These are often business owners in other walks of life, but fail to understand different rules apply to football. For a start you have to both pay and pay for the players. No other business requires this, often arbitrary figure, just to get workers through the door. You have to pay astronomical wages, often to players who are not regularly picked, wages which impoverish the club and mean other workers have to get by on a pittance. You don’t normally pay workers who don’t work very often a full wage.

And there’s almost nothing to win. You might get promoted but that just amplifies your problems. And if you do, the glow of success quickly turns sour when you don’t win your first 10 games, even though you are now competing against nation states and billionaire venal capitalist outfits. No one cares. Ask Steve Cooper. A heroic promotion only delays the inevitable for so long. The end is always nigh for managers. But what can you do? You’re powerless to do very much to turn around failure.

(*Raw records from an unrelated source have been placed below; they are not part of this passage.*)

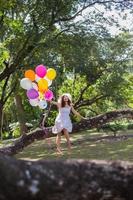 joven adolescente sentada en un árbol y sosteniendo globos en la mano foto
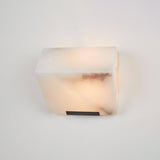 A single alabaster block lit on a plain wall, a rust vein across the front
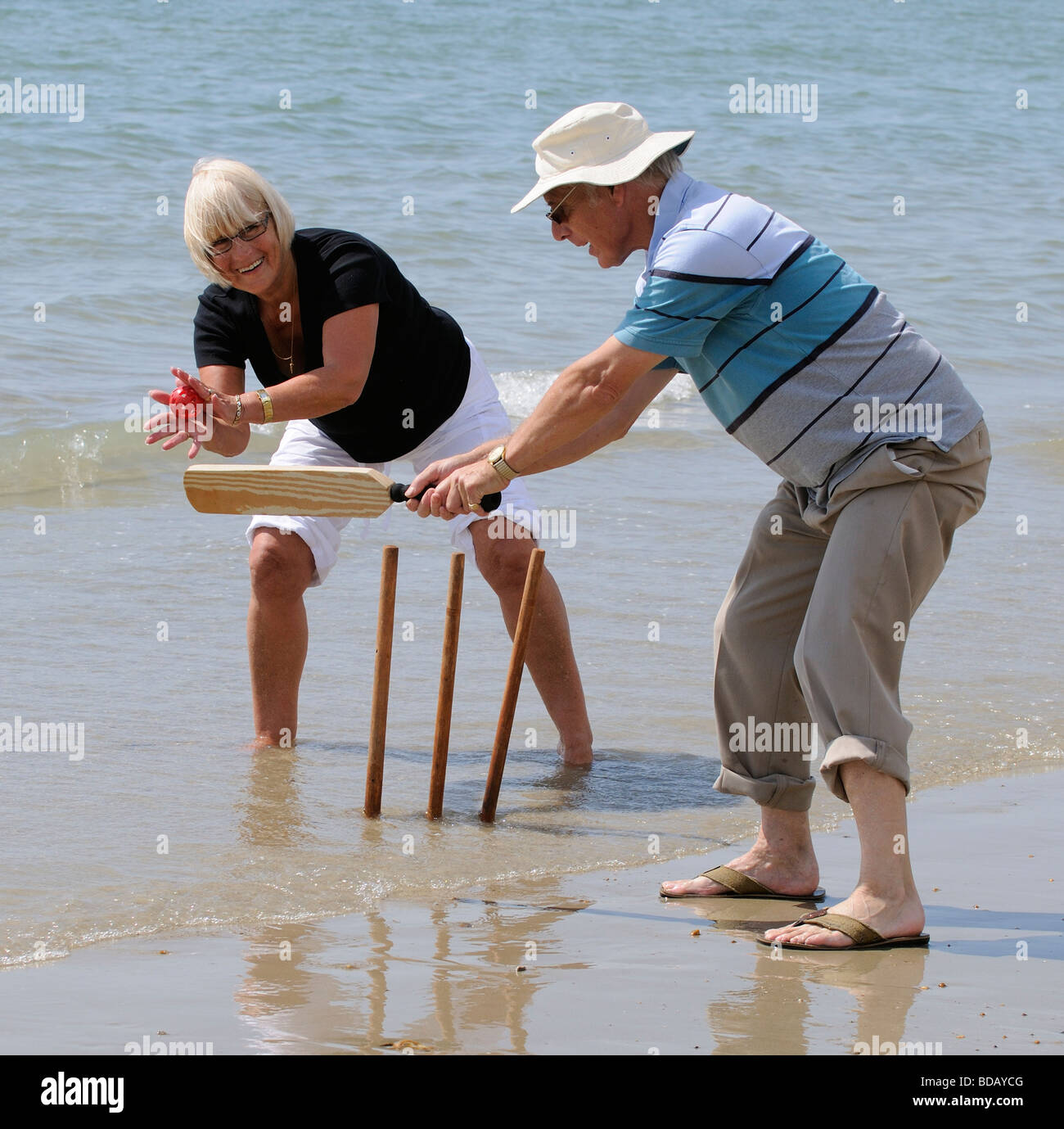 Man and woman playing cricket at the seaside retired couple enjoying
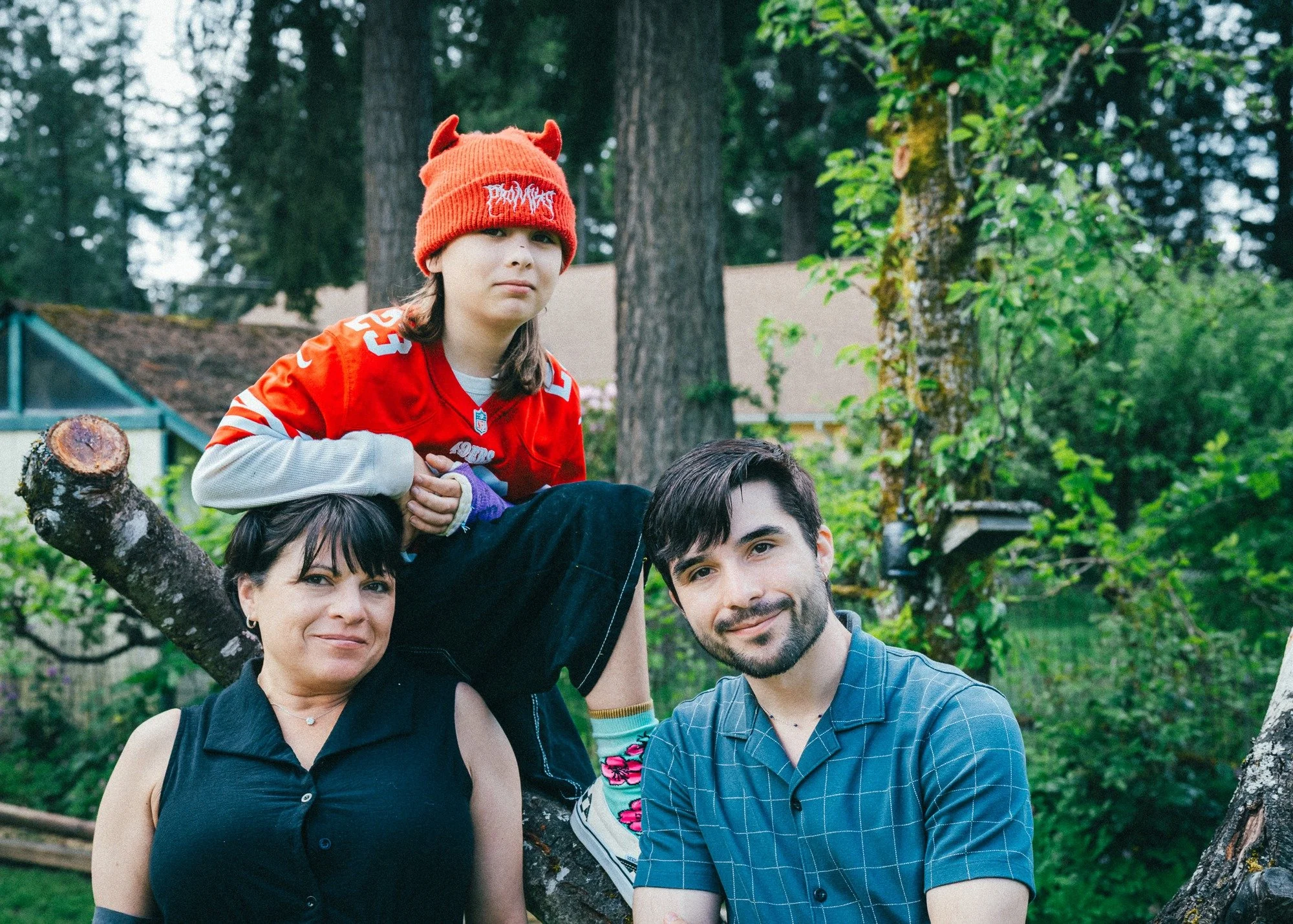 Three people gather around a low tree branch for a portrait.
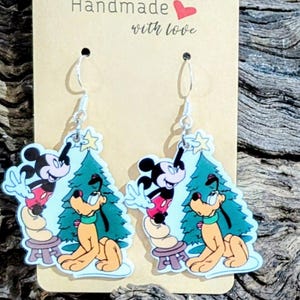 May include: A pair of dangle earrings featuring Mickey Mouse and Pluto in front of a Christmas tree. The earrings are attached to a tan card with the text "Handmade with love".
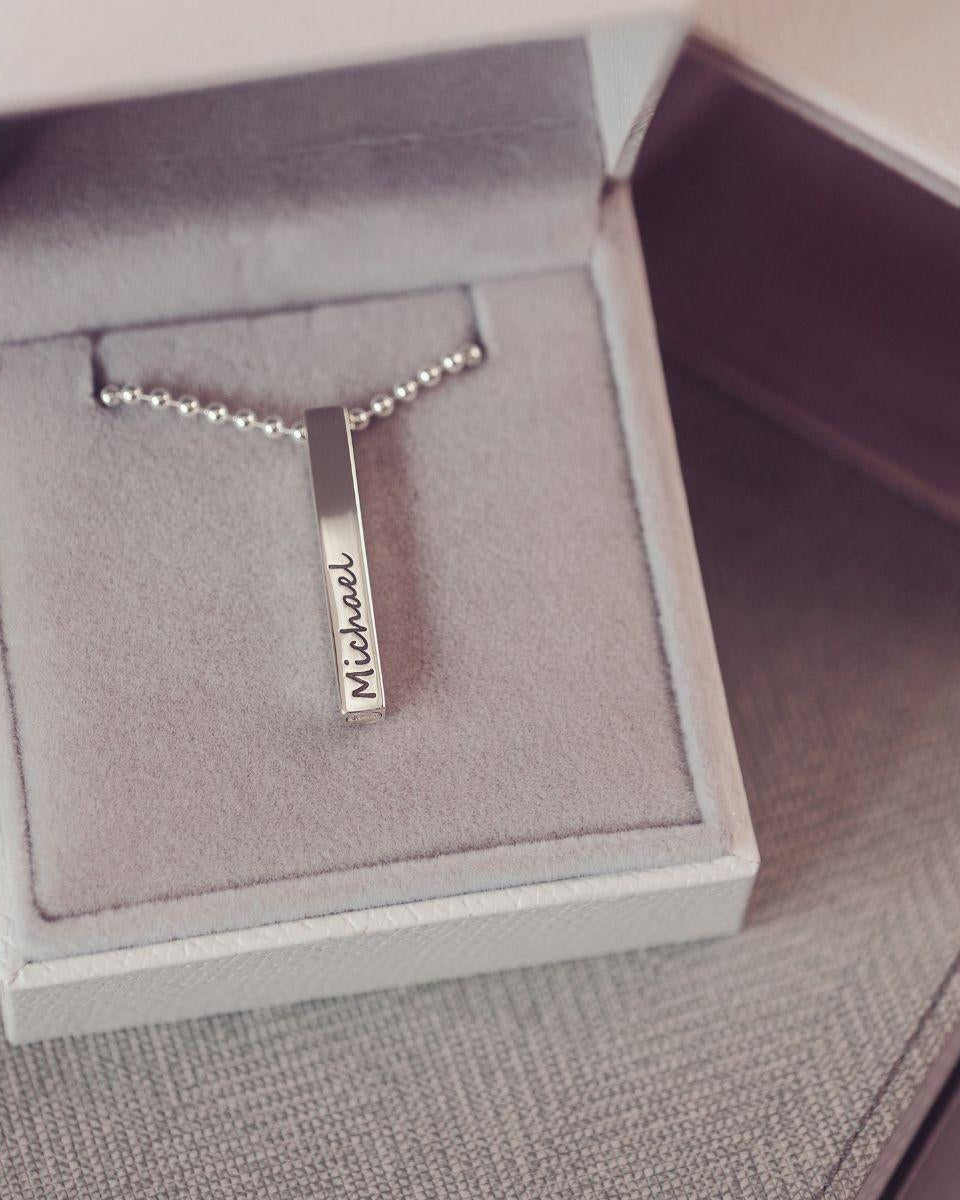 Silver necklace with a pendant in a jewelry box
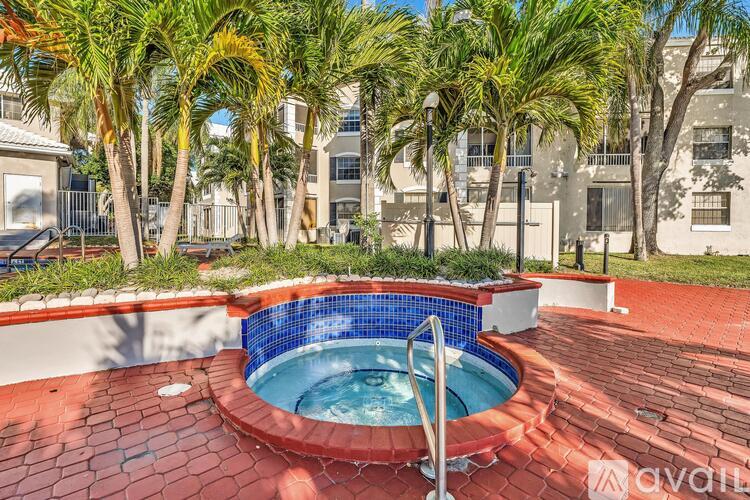 A small pool surrounded by a brick patio and palm trees.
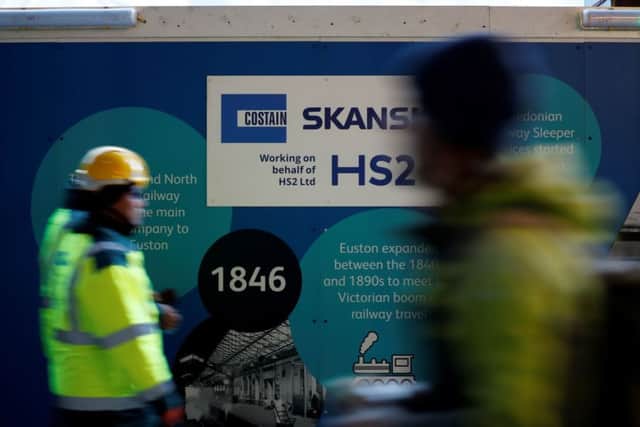 Workers stand near a sign outide a construction site for a section of Britain's HS2 high-speed railway project, at London Euston train station in London on January 20, 2020. -(Photo by Tolga AKMEN / AFP)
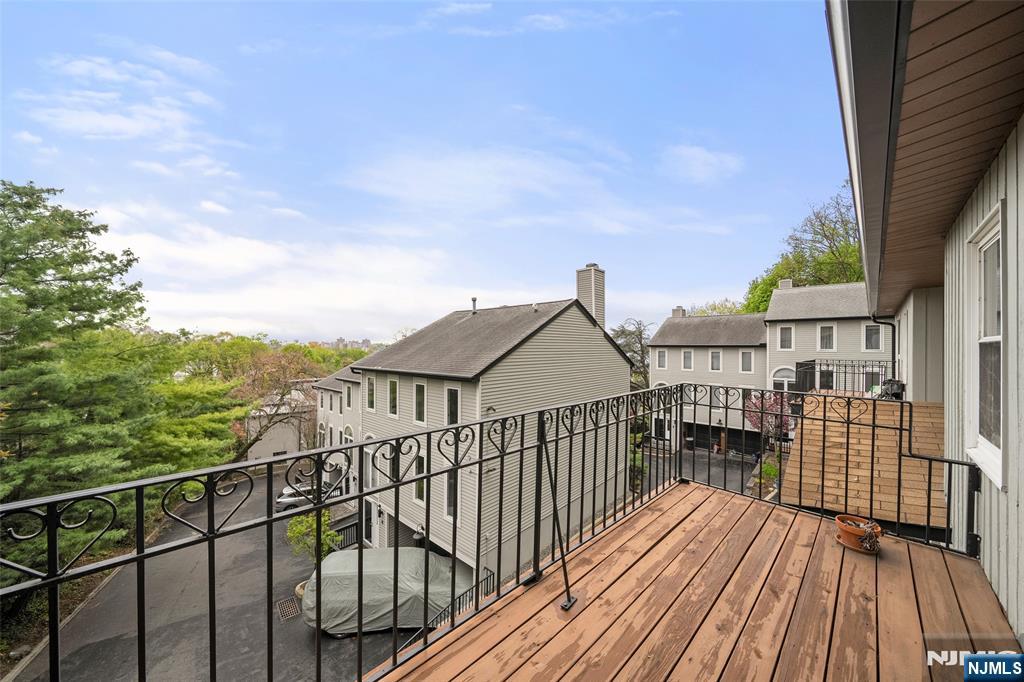 31 Hooks Lane Edgewater, NJ 07020 - Photo 19 of 31 a view of a balcony with wooden floor and city view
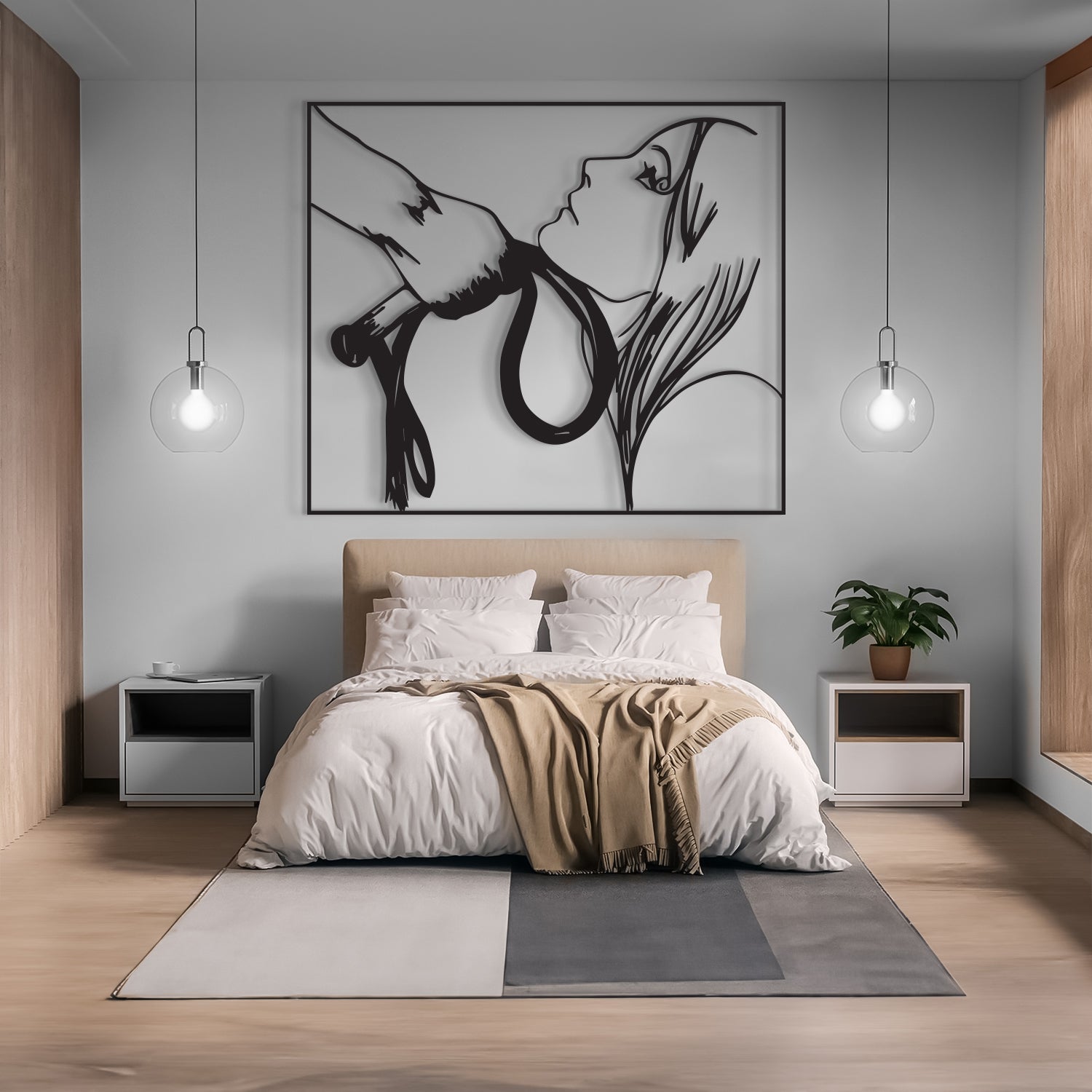 A modern bedroom featuring a large black and white minimalist line art wall sculpture of a woman's face and hands, displayed above a beige upholstered bed with white bedding and a tan throw blanket.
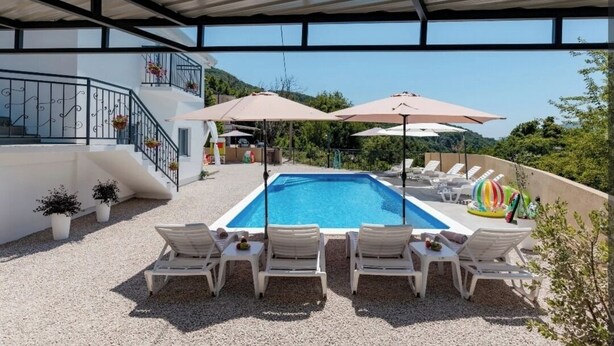 Ein Pool auf dem Dach mit Liegestühlen und Sonnenschirmen, umgeben von einem weißen Gebäude mit einem Balkon.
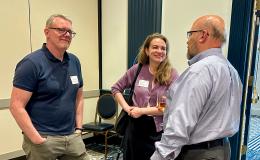 Attendees mingle and chat.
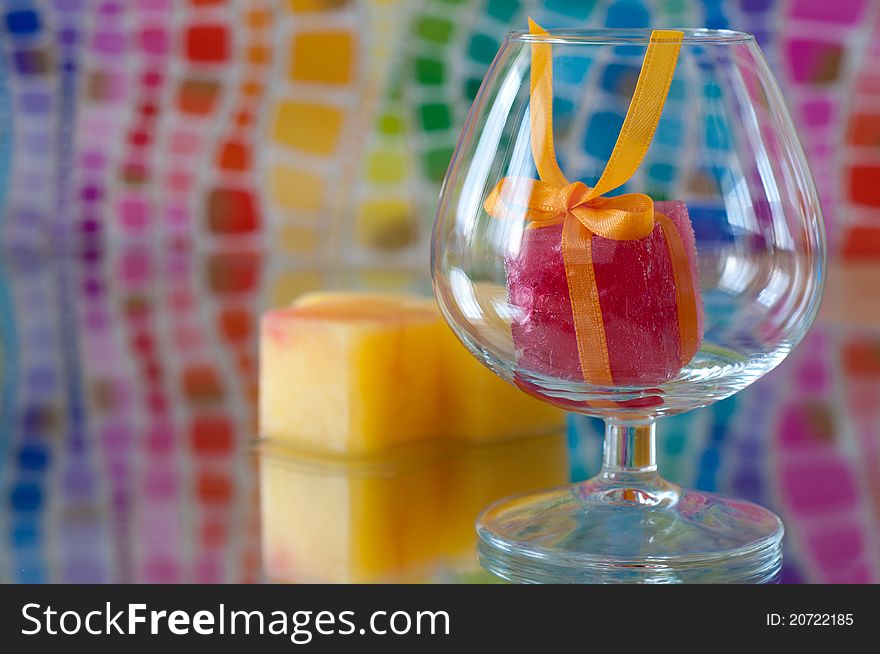 Colorful ice cube in brandy glass. Colorful ice cube in brandy glass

You went into it for the glory but you’ve ended up with heartache. You can’t win. Even if you’ve won something, they’ll hate you next year if you don’t do it again. And on the plus side, you get a parking space.

You quickly learn that it’s not about making money, unless you’re called Glazer. It’s about breaking even, not incurring big losses while paying all the bills and making sure you don’t go bust. Make a loss, and you’ve got to dip into your own pocket. You won’t get any thanks. Players will happily fleece you and put you into bankruptcy without a second thought. You’re a sap to be stripped of all your assets.

So why do it? Prestige perhaps, but only to a degree. We have made it this way. You are out of your financial league.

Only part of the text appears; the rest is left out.